Le Zen est très présent dans le livre, l'arrière grand mère de Nao, Jiko, le pratiquant, on a souvent des expressions tiré du Zen. Ce dernier est une branche issue du bouddhisme qui met en avant la méditation via la posture Zazen. Celle ci est d'ailleurs très bien expliqué dans le livre. Jiko est d'ailleurs un personnage tellement discret qu'elle en devient importante. C'est un paradoxe! Elle a une espèce de douceur apaisante, inutile de beaucoup parler, son regard et ses mouvements suffisent à Nao pour la comprendre et pour se rassurer.
Les thèmes abordés ne sont pas des plus doucereux :
- La seconde guerre mondiale et les pilotes kamikazes : le grand oncle de Nao s'exprime dans des textes poignants.

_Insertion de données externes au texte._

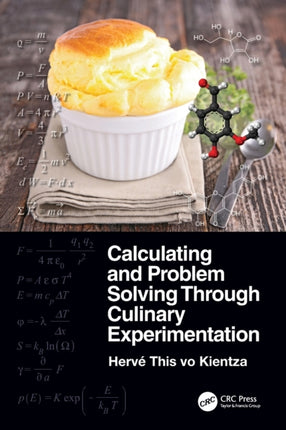 Calculating and Problem Solving Through Culinary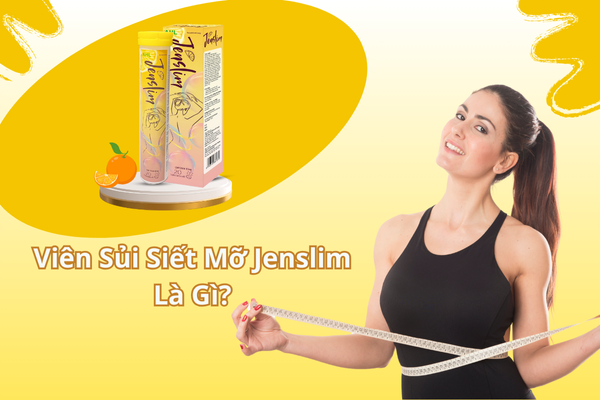 Viên Sủi Siết Mỡ Jenslim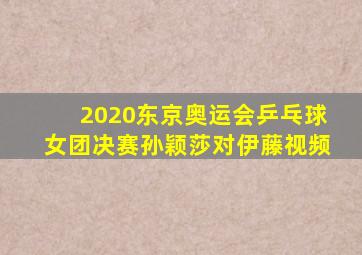 2020东京奥运会乒乓球女团决赛孙颖莎对伊藤视频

- Les relations entre parents et adolescents : au Japon plus qu'ailleurs, on se tait, on ne parle pas de ses sentiments profonds pour ne pas déranger ou ne pas gêner autrui. Les relations entre enfant et parents sont parfois à deux niveaux tellement opposés...
- Le harcèlement scolaire, ou ijime, les tortures physiques que le corps et l'âme peuvent supporter sont difficiles à appréhender, mais bien exprimés dans ce livre : on se sent plus proche des personnages...
- Le suicide : le Japon a connu des vagues de suicide importantes, et encore aujourd'hui, des hommes et des femmes se donnent la mort : pour ne pas être un poids pour leur proche, par honte...
- Le séisme de 2011, causant la mort et la disparition de tellement de vie, sans compter les dommages matériels et environnementaux...
- Clin d'œil aux amoureux des chats : Pesto est décrit comme je pourrais décrire mes chats : avec tout l'amour qu'on leur porte.
Enfin, on se laisse prendre assez facilement dans la part fantastique du récit : il semble tellement réel qu'on a envie d'y croire, envie de savoir même si cette histoire est tirée de la vie de l'auteur, de savoir, de comprendre... Mais à la fin du livre, J'ai été étonnée de me satisfaire de ses mots : je n'avais plus cette envie frénétique de comprendre ou de savoir ce qui a pu se passer. J'étais juste en totale adéquation avec ce livre, avec un gout amer de fin.
Le style d'écriture est pour moi très addictif, on se remémore Murakami, brillantissime, mais on imagine également ce pinceau délicat effleurant une feuille en papier de riz, dessinant avec de douces volutes l'estampe de cette histoire.
En bref :
A ce stade, il ne s'agit plus d'un coup de cœur, il faut découvrir Ruth Ozeki! C'est un livre superbement écrit, fluide et poétique! Un livre chouchou, un livre qui me fait grandir! Bouleversant et enivrant!